The robotaxis is ready to be rolled out


Robotic Taxis and Self-Driving Rides for the Next Generation of Robots: An Open Question for the Future of Autonomous Vehicles

A self-driving ride-hail service would put Tesla in direct competition with other tech developers with years’ worth of head starts. It says it is giving 100,000 paid trips per week in San Francisco, Phoenix and Los Angeles. It has plans to launch in Austin, Texas, and Atlanta, Georgia, next year. Amazon plans to launch an autonomously taxi service later this year in Las Vegas, and is currently testing a type ofrobotaxi in the city.

An eccentric billionaire is going to demonstrate a futuristic technology, which he says will transform the world, with perhaps a humanoid robot by his side.

profit margins on its cars are consistently in the double digits, which is very attractive for an auto company. But Musk has a particular interest in the software industry’s profit margins.

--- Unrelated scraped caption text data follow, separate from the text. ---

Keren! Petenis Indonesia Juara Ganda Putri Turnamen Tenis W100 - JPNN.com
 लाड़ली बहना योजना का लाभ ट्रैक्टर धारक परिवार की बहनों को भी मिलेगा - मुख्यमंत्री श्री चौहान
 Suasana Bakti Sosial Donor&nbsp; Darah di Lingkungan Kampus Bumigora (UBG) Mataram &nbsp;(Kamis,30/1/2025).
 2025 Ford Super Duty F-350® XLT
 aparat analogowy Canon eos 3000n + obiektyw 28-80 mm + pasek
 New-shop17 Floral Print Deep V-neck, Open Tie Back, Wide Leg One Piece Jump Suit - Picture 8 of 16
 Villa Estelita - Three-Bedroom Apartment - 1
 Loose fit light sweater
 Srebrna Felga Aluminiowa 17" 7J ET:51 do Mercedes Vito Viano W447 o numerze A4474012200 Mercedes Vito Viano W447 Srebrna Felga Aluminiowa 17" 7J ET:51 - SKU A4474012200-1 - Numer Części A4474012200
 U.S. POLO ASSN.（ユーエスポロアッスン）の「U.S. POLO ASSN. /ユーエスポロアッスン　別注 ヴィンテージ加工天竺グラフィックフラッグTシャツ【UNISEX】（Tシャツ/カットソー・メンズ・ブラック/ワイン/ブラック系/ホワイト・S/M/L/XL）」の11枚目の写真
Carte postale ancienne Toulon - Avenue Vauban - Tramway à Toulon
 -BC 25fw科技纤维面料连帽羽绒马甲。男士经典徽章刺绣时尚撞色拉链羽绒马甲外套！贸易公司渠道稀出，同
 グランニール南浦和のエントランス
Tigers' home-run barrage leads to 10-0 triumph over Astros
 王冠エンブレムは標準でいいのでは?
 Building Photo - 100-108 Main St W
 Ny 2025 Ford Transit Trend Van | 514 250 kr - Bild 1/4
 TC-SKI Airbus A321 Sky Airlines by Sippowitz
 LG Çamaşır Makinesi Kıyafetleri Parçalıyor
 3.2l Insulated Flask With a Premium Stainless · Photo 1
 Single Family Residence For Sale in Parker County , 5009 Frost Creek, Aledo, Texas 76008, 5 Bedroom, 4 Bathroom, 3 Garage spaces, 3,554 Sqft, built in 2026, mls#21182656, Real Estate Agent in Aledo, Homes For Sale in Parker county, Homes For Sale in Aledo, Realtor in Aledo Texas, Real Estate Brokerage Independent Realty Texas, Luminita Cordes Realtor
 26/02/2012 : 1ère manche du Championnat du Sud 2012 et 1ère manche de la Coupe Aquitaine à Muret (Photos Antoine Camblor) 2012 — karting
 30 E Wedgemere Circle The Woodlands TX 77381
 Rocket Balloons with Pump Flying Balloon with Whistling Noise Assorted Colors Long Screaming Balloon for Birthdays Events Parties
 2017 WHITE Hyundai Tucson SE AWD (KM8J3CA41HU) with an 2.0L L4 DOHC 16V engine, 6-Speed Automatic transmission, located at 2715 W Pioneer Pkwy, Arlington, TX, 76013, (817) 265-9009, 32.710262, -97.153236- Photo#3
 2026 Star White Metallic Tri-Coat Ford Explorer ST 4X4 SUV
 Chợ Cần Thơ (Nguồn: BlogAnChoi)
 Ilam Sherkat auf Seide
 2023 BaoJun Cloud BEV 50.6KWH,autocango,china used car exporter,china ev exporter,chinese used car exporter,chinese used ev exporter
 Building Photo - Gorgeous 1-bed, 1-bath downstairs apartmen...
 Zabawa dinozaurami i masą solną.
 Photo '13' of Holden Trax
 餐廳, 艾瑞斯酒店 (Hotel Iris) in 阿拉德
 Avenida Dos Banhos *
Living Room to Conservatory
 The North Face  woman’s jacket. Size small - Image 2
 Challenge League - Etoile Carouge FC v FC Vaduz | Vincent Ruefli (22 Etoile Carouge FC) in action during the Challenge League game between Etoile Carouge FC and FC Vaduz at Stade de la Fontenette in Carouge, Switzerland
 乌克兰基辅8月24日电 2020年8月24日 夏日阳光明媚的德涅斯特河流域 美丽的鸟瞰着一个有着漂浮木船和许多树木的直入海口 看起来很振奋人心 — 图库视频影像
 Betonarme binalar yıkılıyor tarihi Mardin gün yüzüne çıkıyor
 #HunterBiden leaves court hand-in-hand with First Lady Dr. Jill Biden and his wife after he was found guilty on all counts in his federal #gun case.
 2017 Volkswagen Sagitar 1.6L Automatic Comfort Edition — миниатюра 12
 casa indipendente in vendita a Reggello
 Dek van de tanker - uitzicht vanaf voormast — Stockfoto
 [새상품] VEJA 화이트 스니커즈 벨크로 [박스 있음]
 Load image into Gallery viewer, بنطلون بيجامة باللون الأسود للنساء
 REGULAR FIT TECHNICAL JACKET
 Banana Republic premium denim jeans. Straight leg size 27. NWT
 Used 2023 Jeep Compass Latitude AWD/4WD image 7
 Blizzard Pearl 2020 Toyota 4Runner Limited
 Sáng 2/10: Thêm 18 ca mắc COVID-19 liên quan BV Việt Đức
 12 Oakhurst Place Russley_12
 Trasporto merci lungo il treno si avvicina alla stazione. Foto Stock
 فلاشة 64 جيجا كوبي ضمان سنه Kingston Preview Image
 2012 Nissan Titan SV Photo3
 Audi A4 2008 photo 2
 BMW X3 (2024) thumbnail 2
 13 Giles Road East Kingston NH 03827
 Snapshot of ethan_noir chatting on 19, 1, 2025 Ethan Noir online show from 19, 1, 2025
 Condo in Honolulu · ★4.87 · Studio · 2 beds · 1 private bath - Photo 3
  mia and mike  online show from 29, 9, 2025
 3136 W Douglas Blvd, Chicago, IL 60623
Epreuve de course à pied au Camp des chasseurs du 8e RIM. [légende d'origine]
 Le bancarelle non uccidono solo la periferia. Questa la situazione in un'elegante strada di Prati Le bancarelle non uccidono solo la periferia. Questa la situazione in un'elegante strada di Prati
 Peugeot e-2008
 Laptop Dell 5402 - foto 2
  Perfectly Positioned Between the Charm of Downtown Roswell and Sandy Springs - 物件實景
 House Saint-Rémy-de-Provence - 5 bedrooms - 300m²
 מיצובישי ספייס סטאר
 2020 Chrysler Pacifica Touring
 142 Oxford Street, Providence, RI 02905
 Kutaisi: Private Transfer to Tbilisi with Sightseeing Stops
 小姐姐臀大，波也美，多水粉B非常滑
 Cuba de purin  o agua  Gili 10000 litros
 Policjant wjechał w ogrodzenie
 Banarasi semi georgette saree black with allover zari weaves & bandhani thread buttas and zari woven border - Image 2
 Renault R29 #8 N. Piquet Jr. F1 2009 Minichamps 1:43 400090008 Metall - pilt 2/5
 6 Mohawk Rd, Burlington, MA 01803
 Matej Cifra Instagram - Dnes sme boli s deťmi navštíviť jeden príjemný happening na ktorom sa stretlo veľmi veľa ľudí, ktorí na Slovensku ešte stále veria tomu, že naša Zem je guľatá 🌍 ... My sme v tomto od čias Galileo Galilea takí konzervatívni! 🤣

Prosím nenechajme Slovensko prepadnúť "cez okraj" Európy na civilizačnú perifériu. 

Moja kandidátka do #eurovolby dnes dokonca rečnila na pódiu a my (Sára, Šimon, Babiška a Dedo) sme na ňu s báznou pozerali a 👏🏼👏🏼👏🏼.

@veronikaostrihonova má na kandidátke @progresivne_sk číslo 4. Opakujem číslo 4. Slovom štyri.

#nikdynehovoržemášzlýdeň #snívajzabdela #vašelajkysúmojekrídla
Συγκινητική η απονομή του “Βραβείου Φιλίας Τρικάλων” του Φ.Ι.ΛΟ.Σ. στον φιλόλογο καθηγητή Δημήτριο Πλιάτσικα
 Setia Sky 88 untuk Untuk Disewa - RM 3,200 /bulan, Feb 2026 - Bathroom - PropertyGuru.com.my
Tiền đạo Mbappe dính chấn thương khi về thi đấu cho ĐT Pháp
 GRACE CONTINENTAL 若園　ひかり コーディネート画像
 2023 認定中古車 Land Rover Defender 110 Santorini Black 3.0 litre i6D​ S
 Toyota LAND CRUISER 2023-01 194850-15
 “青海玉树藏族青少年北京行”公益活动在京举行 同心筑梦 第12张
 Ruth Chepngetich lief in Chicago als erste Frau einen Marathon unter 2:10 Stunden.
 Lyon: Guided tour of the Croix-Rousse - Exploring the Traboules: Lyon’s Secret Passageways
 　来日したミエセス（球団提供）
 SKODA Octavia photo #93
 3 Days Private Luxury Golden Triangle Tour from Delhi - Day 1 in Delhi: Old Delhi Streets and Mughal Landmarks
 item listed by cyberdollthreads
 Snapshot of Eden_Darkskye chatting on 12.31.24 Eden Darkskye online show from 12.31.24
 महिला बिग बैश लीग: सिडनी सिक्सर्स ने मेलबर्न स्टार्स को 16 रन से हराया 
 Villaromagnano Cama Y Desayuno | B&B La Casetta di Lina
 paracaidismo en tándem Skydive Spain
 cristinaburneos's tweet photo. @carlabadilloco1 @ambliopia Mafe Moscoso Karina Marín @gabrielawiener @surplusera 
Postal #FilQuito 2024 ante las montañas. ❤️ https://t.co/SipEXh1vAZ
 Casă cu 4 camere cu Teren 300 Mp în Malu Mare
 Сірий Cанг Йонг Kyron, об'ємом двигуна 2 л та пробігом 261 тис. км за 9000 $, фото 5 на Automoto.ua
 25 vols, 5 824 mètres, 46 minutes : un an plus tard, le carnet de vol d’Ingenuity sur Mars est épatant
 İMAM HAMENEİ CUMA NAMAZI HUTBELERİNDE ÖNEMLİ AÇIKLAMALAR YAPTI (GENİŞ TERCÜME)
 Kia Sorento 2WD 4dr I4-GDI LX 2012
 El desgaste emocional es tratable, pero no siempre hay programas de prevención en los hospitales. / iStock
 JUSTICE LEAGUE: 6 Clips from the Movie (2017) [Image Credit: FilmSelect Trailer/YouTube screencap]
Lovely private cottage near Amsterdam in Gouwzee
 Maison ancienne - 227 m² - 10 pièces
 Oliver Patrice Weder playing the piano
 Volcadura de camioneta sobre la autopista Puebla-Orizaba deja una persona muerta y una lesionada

Analyst George Gianarikas of Canaccord Genuity Group notes that Musk’s approach requires billions of dollars of upfront investment in AI, but much cheaper hardware on vehicles. That combination is expensive right now, but it would pay off if millions of robotaxis were on the road.

A fully electric fleet’s value is so huge, it’s hard to believe. In 2021, he spoke to investors. “That will be one of the most valuable things that’s ever done in the history of civilization.”

While there are definitely reasons to be skeptical about the electric car company’s services, there is a track record of when skeptics are wrong.

Companies like Alphabet’s Waymo and GM’s Cruise, meanwhile, have already sent driverless taxis onto streets — although Cruise put human “safety drivers” back behind the wheel after a crash last year. Someone is on call to help the car if it gets stuck. According to data provided to the state of California, Waymo drove close to a million miles of self-controlled car, with a total of 14 disengages, or times the software required manual control.

The robotaxis are unprofitable for those companies. A survey done by J.D. Power shows that people don’t think taxis are practical, because they like the robotaxis experience. Until they’re cheaper and cover more ground, the pollsters concluded, “the service will remain a novelty transportation method.”

Musk built a system based on cheap cameras and no other inputs, even though other companies use expensive high-tech sensors. Musk also has embraced “end-to-end learning,” where the artificial intelligence “learns” how to drive from raw data; other companies add human-designed rules and guardrails to their AI systems.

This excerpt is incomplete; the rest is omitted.